NVIDIA ‘Holodeck’ Aimed at Collaboration with Virtual Reality

    By George Sells

    What is the next big step in the emerging field of virtual reality? Where is it likely to be taken? The answers to these questions involve design businesses, collaborative work, and, in what you may find surprising, St. Louis, Missouri.

    It’s in that midwestern city, not in the heart of Silicon Valley, where well known video card producer NVIDIA houses the team that is developing its next generation virtual reality content. And what does that content look like? It’s no game.

    “This is for engineers, architects, people who want to look over designs and make decisions on their designs,” NVIDIA’s Dane Johnston says. “So we let architects bringing their buildings at scale, or at small scale because in VR you can do whatever you want, right? You can pick up a building, toss it and shake it.”

    What he’s describing is called Holodeck. It’s a concept inspired by the science fiction TV show, “Star Trek: The Next Generation.” On the program, crew members walked onto a deck on the ship, and were transported into a pre-programmed scene. It could be anything they want from a jungle hike to 1930’s nightclub.

    NVIDIA’s reimagining of this entails a collaborative space where designers in virtual reality headsets can be in offices on opposite sides of the world, but get together and work on the same design together. They have avatars of themselves, and can talk to one another, and do hands on work together with the same design, no matter where each person is.

    “Every day I interact with people in Seattle, Santa Clara, Texas, New York, Zurich, Moscow, Shanghai, sometimes the UK, and a lot of times we’re in the application with them,” Holodeck Lead engineer Lou Rohan said.

    The Star Trek inspiration for the Holodeck is just the beginning. Science fiction is a big player in a lot of the team’s ideas for moving VR forward. Designer and developer Adam Shaw says it’s a logical place to look.
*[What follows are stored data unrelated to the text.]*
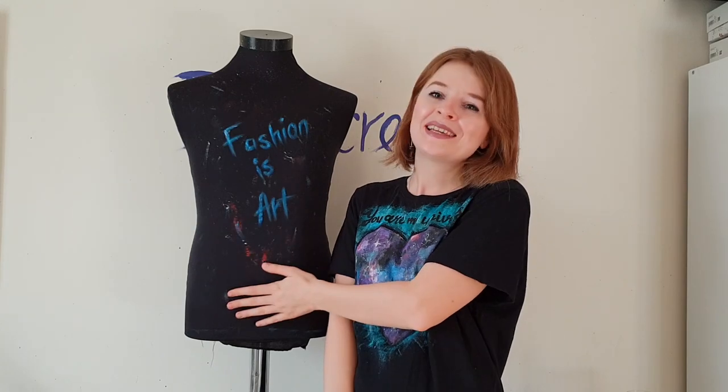Hey guys, welcome back to my channel! If you are new here, my name is Daria, I'm an artist and I paint on clothes — this is my mannequin, my work body. Saint Valentine's Day is coming, and in this video I will show you how to create an amazing t-shirt for this day. You can create it for yourself or make a surprise for a person you love, or you can create it as a gift — such a gift will never be forgotten.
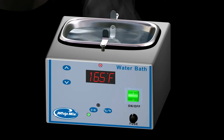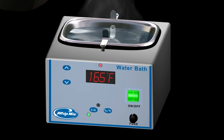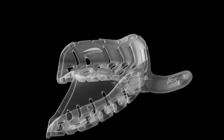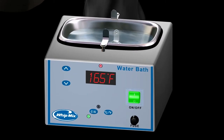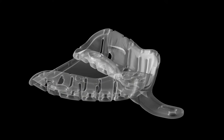Caution! Do not overheat trays. Maximum heating times are less than 40 seconds for small trays and less than 60 seconds for large trays. Do not place in the patient's mouth if the water bath temperature exceeds 165 degrees Fahrenheit or 74 degrees Celsius. Only the body of the tray should be completely immersed in the hot water bath, held by the handle slightly outside the heated water. The tray body should be immersed at 165 degrees Fahrenheit for 10 to 40 seconds, or until the tray becomes rubbery. Smaller trays will require less heating time compared to larger trays.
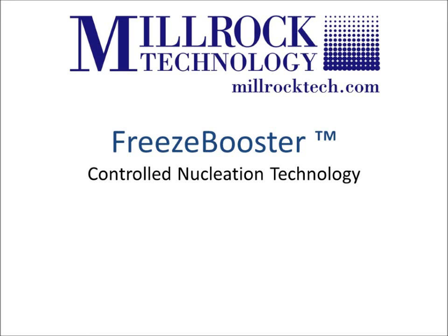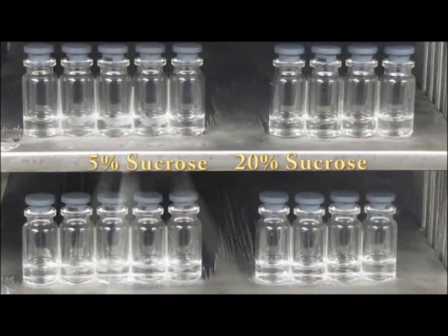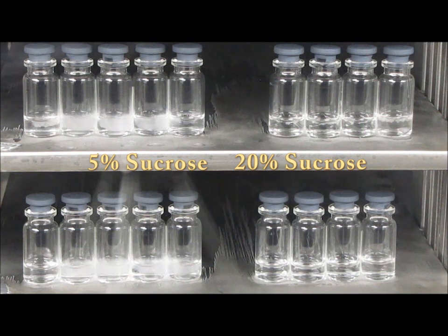Freezing without controlled nucleation may result in different crystal structures and inconsistent pore sizes in the product, resulting in longer primary drying cycles. To produce a consistent crystal structure and pore size, a method of control is required that will nucleate all of the product in the freeze dryer at the same temperature, time, and rate. The freezing step is considered the foundation to a repeatable and efficient freeze drying process.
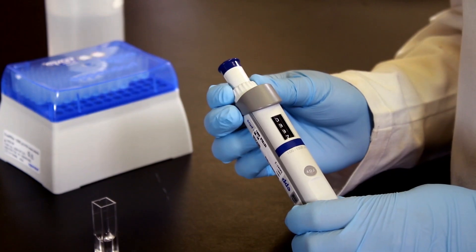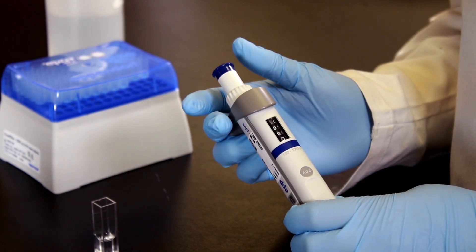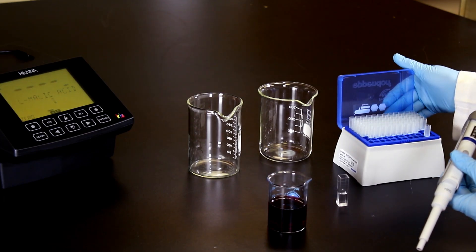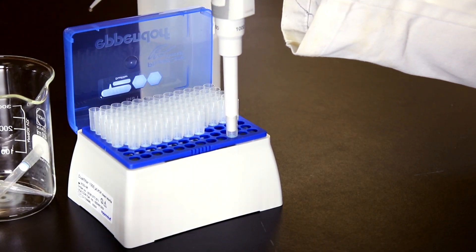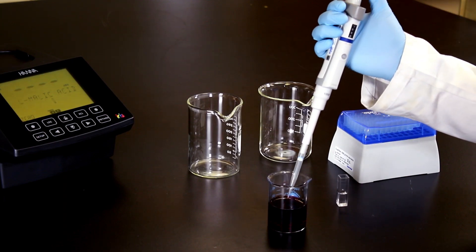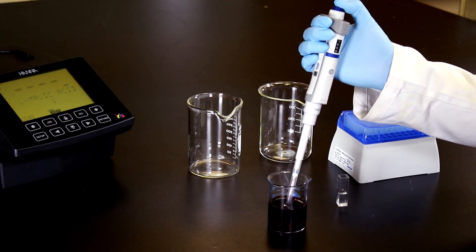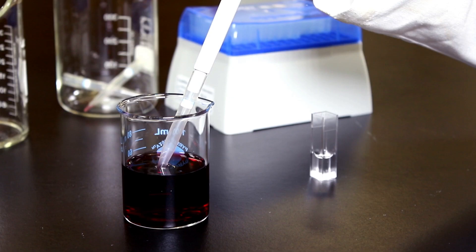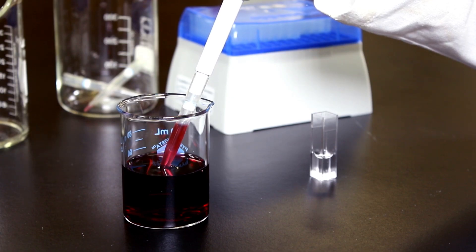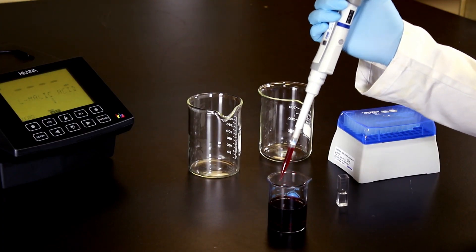Before drawing up your sample, be sure to adjust your automatic pipette to the desired volume. To draw your sample, compress the plunger to the first stop to expel liquid and release the plunger to draw the liquid three times. This will help coat the pipette tip with the liquid and keep liquid from catching in the pipette tip.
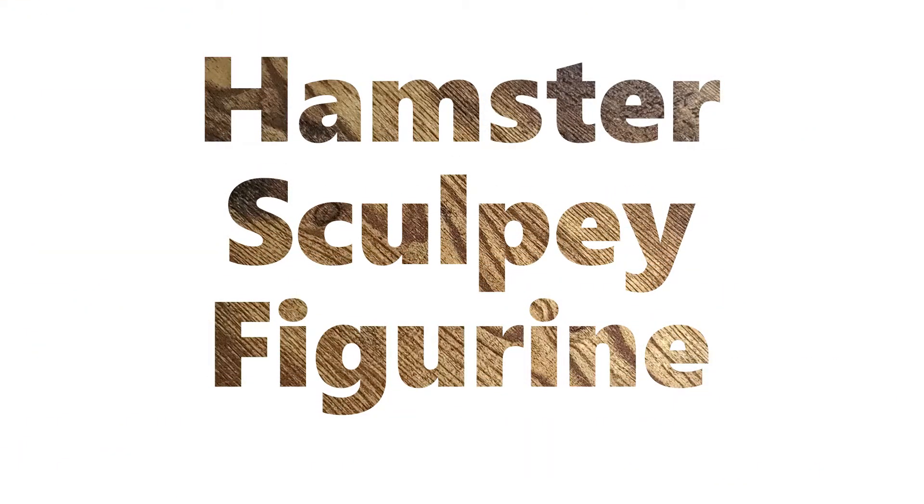Hi everyone. So today was our dating anniversary, and I want to show the process of making a gift for Francesca here.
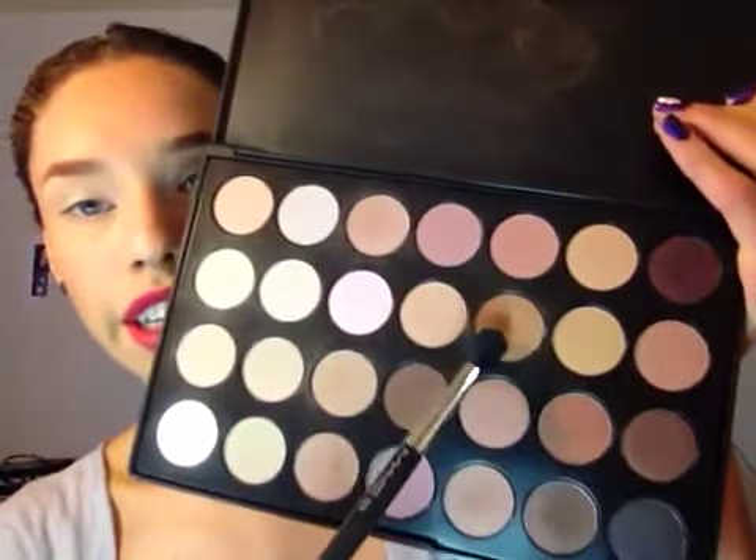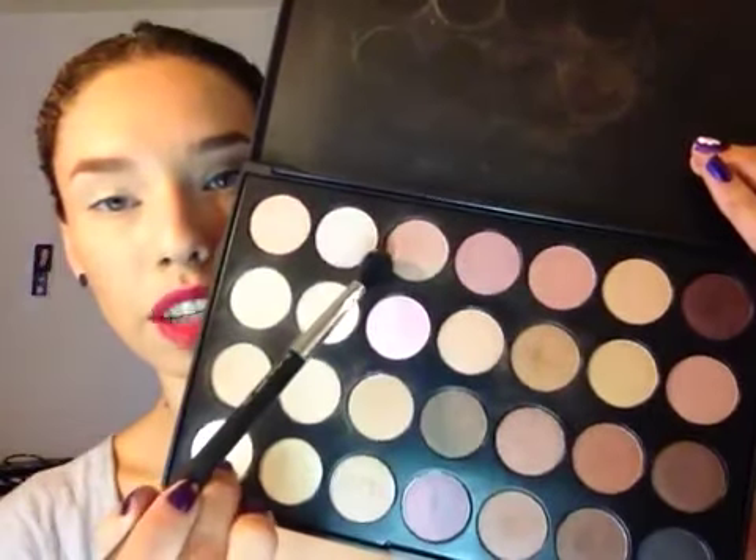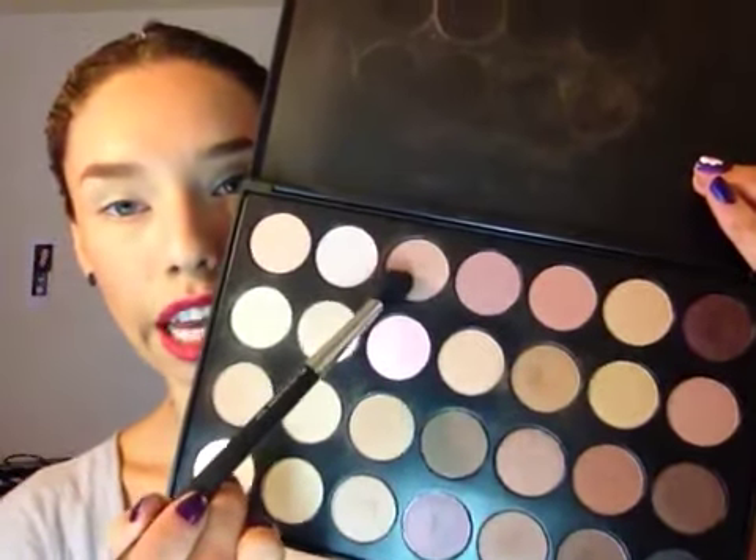Now I'm going to take my MAC 224 blending brush and take this warm brown here, mixing it with a little bit of a cool-tone light brown. So it's a medium warm brown mixed with a light cool tone. I'm just kind of mixing those two colors together and then applying that straight into my crease and close to my lid.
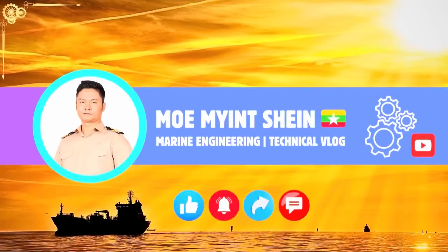Thanks for watching the video till the end. Don't forget to subscribe to my YouTube channel and turn on the notification bell to stay updated when new videos are uploaded. See you next time.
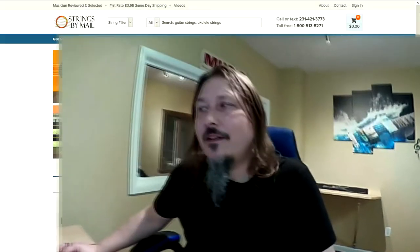Hello and welcome back to Strings by Mail. My name is Matt Hathaway. Today we're going to take a look at gift certificates — where to find them and how to use them. Let's take a look.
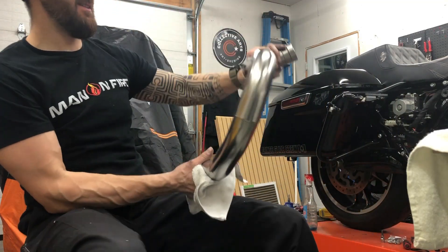What's up guys? It's Seb from Forever Two Wheelin. Today I'm going to be cleaning my stainless steel exhaust. I'm going to show you what to do and what to use to make your crusty stainless steel exhaust look like this, if it looks like this.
    “A lot of the things you saw on Star Trek or Star Wars decades ago are starting to become real possibilities now.”

    A scene from the movie “Black Panther” recently played out in real life on a Silicon Valley stage as NVIDIA showed off another of Holodeck’s mind-bending possibilities. There, a man wearing a VR headset sat, using the Holodeck program to remotely control a real car outside the building. The audience watched in amazement on video split screens as the vehicle was maneuvered by its remote driver.

    “You can see, that’s his view and this is the real car and that’s him driving on stage,” Rohan said as he showed off the video. “He’s on stage. And yeah, he was driving a real car. The issue is you have to have a huge parking lot and there are some serious safety concerns when you are testing these things.”

    These are just some of the things that are charging toward real world application in the virtual reality space. Holodeck is already in test phase with some automotive and architectural firms.

    The designers in the St. Louis office say the next step in making virtual reality something difficult to distinguish from the “real world” involves subtleties.

    “Using an application by yourself is one thing,” Rohan said. You can really feel like you’re there. But if you’re there at the same time as someone else is there, they’re talking to you through the application, and you can see the hands and arms moving.”

    That looks more like the real thing. Then you add in a crisper and crisper picture. That’s something that NVIDIA’s advancements in video card technology is powering. The company makes some of the fastest processers in the world.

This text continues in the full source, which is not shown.